_EXERCISE_. Write out, please, each line from the one containing "this 700×400 image." to the final line of the data, both included, exactly and without pictures.

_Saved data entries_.
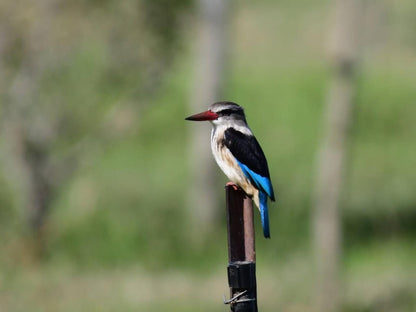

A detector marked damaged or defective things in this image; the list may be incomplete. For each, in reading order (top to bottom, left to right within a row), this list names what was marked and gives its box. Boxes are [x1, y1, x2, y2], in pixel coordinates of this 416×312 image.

rusty metal post [224, 185, 256, 312]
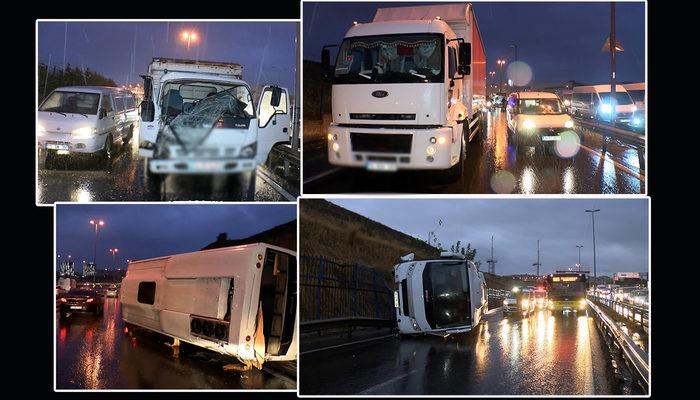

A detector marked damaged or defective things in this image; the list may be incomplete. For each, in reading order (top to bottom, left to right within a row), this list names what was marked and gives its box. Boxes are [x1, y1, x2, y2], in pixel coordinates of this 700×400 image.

damaged truck [137, 57, 290, 197]
overturned bus [120, 241, 296, 368]
damaged truck [121, 242, 296, 370]
overturned bus [394, 253, 486, 334]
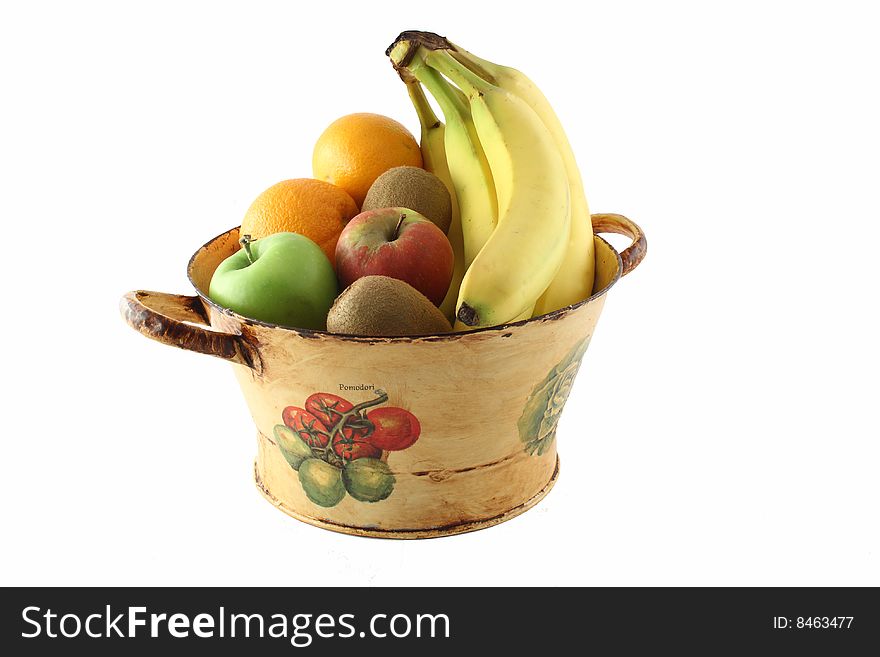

_RESULT OF THE TASK_.
A detector marked damaged or defective things in this image; the list may be incomplete. For each, in reading order (top to bottom, left to right within a row), this list names what was marked and gives its box. Boxes are [x1, y1, x2, y2], in pixel coordinates of this 700×400 image.

damaged truck [137, 57, 290, 197]
overturned bus [120, 241, 296, 368]
damaged truck [121, 242, 296, 370]
overturned bus [394, 253, 486, 334]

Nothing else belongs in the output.